浮躁的盛夏,午后刚下了一场暴雨,激情洋溢地浇灌着这个城市的每一个角落,整个城市像喂饱后吐奶的婴儿满嘴奶水四溢。雨停了好久了,河堤石级上局部的水迹还在不依不饶的检测着工匠们竣工前留下的败笔;灌木丛的绿叶还吊的雨珠不肯抹去,像一对刚分手的恋人各自挂着泪珠转背后不肯拭去向陌人来证明自己的伤害才是最深的。

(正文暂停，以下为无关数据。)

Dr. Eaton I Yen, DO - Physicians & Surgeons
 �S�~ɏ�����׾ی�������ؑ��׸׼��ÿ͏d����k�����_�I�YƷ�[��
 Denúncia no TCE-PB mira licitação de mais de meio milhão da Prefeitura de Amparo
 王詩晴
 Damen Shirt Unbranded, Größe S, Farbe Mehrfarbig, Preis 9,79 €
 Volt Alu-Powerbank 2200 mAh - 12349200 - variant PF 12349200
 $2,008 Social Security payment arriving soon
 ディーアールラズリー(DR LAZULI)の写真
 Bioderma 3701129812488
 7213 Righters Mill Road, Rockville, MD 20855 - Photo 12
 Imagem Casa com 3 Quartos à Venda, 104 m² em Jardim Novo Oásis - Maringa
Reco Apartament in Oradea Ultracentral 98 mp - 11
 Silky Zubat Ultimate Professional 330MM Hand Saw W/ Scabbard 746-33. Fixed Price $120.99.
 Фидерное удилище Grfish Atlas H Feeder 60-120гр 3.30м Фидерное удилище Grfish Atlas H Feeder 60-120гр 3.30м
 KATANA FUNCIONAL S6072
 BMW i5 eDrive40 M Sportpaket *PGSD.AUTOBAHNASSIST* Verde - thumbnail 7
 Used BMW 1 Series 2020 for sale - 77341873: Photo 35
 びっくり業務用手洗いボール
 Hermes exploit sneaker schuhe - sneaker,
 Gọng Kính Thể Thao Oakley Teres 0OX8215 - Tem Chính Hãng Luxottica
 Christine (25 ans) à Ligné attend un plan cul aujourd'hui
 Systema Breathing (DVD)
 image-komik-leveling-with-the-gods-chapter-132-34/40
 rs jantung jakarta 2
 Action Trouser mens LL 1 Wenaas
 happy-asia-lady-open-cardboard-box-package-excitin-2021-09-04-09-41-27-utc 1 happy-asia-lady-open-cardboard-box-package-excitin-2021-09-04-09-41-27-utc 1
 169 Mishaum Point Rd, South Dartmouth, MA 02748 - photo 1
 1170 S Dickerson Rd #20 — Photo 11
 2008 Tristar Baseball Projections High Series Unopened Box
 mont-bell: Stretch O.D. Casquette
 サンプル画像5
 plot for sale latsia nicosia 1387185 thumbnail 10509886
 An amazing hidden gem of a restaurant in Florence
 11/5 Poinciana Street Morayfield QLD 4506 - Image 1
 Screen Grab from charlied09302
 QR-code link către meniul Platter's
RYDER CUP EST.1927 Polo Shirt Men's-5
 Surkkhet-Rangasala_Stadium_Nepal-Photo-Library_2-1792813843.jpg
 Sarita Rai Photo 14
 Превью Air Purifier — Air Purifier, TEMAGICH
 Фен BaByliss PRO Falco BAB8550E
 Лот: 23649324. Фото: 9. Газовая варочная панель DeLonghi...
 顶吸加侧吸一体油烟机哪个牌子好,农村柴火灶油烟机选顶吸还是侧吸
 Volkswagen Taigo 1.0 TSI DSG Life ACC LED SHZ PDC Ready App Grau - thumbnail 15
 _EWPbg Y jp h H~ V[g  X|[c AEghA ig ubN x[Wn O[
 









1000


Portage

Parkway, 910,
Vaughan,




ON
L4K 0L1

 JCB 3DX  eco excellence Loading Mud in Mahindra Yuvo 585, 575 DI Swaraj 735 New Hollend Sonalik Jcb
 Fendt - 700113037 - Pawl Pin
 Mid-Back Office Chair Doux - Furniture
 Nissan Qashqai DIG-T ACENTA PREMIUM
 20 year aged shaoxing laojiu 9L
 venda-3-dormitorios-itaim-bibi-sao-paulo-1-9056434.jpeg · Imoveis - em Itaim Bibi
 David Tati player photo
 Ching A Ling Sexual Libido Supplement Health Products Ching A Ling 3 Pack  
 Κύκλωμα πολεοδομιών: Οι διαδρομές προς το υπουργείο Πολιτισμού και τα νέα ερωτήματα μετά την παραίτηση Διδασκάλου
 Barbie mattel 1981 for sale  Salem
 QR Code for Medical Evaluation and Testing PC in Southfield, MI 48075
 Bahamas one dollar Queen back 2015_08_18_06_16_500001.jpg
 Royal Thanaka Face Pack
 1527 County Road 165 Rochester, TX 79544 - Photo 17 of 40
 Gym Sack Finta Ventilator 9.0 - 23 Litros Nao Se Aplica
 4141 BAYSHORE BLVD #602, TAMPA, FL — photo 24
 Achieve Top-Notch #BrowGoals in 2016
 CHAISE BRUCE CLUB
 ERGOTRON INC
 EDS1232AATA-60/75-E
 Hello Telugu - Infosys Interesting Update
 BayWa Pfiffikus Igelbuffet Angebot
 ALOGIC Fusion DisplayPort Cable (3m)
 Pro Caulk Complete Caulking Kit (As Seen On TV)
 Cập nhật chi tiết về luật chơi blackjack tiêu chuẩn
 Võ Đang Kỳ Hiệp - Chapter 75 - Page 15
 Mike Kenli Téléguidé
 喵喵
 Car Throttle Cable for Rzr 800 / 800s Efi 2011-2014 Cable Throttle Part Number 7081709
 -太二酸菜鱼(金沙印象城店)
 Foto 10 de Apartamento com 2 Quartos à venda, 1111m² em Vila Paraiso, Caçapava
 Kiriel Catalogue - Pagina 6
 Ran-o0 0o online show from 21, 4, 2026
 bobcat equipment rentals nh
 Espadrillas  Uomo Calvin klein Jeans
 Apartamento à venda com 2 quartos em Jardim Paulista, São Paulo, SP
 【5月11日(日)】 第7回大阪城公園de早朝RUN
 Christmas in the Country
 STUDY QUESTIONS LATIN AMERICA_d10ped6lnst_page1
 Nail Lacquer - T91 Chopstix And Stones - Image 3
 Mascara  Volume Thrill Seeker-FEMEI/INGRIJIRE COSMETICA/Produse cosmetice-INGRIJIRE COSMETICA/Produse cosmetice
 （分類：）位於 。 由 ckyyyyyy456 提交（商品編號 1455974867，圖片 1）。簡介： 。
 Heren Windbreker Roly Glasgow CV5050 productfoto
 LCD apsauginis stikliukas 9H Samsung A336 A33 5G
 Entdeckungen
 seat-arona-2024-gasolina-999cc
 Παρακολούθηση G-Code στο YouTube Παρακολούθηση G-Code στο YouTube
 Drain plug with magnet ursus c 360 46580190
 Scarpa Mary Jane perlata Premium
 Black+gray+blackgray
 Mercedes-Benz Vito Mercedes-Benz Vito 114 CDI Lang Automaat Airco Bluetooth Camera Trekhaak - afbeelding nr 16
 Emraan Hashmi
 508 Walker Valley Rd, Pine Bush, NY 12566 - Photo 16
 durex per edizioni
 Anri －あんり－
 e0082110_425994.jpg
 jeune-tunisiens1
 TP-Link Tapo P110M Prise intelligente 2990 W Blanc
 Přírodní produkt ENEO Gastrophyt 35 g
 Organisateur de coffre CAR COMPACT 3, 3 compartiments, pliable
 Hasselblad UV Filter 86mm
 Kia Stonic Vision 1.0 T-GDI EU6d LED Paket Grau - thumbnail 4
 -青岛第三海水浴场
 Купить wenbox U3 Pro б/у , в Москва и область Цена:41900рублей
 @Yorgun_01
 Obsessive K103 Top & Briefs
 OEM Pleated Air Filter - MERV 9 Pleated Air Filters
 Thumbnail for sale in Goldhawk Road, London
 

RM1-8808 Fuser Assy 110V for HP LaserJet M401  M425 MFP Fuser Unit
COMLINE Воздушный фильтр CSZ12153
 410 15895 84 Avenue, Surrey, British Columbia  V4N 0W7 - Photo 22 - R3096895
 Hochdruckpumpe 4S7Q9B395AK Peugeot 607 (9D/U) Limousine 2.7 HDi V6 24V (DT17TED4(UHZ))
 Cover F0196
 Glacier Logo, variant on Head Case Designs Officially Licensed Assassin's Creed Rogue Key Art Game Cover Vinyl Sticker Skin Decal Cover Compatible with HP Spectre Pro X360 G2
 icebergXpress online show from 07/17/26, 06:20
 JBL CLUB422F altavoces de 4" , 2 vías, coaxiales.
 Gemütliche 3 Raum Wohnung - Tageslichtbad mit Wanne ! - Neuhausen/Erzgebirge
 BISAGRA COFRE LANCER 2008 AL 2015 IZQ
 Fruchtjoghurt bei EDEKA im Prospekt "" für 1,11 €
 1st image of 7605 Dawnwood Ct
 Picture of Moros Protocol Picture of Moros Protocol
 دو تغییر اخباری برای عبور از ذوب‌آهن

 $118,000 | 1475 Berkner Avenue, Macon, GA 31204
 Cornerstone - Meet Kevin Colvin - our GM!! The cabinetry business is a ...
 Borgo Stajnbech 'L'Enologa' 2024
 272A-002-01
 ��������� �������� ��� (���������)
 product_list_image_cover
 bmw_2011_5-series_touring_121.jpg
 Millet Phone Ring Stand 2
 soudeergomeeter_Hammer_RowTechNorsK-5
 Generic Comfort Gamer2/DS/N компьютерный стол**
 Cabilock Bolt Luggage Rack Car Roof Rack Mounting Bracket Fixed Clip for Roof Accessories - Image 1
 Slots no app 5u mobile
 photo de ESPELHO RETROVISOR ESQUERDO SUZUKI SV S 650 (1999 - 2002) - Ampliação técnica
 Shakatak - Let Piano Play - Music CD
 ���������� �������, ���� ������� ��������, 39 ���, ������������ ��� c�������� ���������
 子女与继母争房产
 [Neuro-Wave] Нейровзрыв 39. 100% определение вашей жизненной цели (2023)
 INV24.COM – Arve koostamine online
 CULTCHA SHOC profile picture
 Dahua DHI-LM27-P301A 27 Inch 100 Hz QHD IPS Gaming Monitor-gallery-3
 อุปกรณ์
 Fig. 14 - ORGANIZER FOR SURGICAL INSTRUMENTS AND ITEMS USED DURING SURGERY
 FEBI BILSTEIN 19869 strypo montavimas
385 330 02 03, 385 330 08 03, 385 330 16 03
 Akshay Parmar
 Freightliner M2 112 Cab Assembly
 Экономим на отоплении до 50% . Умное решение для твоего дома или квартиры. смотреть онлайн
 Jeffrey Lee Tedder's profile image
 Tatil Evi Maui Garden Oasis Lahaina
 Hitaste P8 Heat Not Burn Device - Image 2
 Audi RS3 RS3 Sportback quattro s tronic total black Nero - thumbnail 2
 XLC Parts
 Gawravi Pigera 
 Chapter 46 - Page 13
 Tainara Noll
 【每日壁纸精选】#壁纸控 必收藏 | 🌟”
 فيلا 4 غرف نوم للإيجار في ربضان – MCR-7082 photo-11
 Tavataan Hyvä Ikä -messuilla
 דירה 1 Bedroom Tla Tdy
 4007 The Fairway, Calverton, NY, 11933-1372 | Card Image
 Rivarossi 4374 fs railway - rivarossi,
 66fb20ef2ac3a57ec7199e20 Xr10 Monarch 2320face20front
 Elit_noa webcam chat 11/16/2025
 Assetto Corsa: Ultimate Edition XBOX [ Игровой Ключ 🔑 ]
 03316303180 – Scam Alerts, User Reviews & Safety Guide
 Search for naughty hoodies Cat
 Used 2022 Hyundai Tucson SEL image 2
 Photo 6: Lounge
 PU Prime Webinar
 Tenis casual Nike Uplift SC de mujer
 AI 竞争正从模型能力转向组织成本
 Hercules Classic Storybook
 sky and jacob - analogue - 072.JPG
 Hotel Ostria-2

被暴雨洗礼后的堤岸好凉爽,加上晚风拂面,从未有过的释怀让我身心舒服起来,无比的惬意像一只囚困数年的小鸟虽然不饿肚子但突然获得了能在天空自由飞翔的恩赐而不停地窃喜。对岸高楼林立、灯火阑珊,让我想起南宋豪放派词人辛弃疾在《青玉案·元夕》词中的尾句,“……众里寻他千百度,蓦然回首,那人却在、灯火阑珊处。”-------是啊!这里好像就是辛弃疾当时赋词时的画面。高楼里面有的开了灯,有的未开,远远望去亮的亮黑的黑,稀稀疏疏的,整个外表像一个被射手射过多次才能留下的许多成绩不佳的把柄,若有人突然开灯像是被射手又射了一个窟窿;又像一件打了补丁的大衣悬挂在空中,若有人突然灭灯像是在这件大衣外面又加了一个补丁,我无法用词语来美化居家高楼夜晚的外表能给对岸观者一个负责任的美感。
夜未静-----都市的夜要静下来是否很难,从黄昏到天明总有车鸣和铁轨声来打破它的宁静,慢慢的人们都习惯了,没人指望它的宁静,是否夜晚太宁静反而觉得不习惯不安宁。河水是否独自平静了,路灯照到河面边缘,还能看清缕缕波纹,很显然混浊的河水掩盖不了午后暴雨时怒吼的嘴脸,像一个严父打骂淘气的孩子后还无法掩饰内心未发完的脾气但要顾及孩子的感受的那种略带愤怒地慈祥。忽闻击鼓声,越来越浓,游人闻声望去倚在堤栏观望,几个壮丁划着一舸龙舟过来了,不时发出齐心协力的吆喝声,看来划龙舟这个中华传统的群众性集会活动担心被现代人遗弃就不要我杞人忧天了。
天空又飘着小雨,恐翻脸大至,此时要是堤岸有一茶楼,附着窗户和友人对椅沏一杯龙井听听雨声继续看河边夜景,我想那是一件延续惬意延续神往的事情,但我又担心,或许有了茶楼就不在惬意了,或许不敢神往了。